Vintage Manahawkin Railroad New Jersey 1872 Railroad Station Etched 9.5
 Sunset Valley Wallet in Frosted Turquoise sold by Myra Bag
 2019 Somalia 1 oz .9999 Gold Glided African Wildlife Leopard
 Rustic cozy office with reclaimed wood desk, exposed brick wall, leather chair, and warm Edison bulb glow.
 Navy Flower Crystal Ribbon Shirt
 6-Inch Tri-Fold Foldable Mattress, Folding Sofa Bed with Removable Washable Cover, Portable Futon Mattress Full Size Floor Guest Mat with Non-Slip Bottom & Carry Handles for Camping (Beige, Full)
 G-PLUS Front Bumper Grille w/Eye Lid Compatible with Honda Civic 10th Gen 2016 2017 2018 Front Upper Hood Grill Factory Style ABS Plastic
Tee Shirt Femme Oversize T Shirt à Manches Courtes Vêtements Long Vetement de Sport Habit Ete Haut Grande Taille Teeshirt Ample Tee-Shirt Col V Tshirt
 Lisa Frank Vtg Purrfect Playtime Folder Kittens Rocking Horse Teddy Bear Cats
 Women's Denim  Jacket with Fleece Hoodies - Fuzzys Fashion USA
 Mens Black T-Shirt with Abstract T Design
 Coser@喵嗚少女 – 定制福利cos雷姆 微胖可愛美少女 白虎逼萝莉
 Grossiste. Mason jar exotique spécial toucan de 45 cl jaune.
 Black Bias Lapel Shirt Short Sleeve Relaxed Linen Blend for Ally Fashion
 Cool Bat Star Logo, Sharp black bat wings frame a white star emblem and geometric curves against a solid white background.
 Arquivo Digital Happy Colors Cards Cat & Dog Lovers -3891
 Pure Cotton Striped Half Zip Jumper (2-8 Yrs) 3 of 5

..........

- Aim of the task
Report all lines of the material that contain the word "Fashion".

- Reply
 Women's Denim  Jacket with Fleece Hoodies - Fuzzys Fashion USA
 Black Bias Lapel Shirt Short Sleeve Relaxed Linen Blend for Ally Fashion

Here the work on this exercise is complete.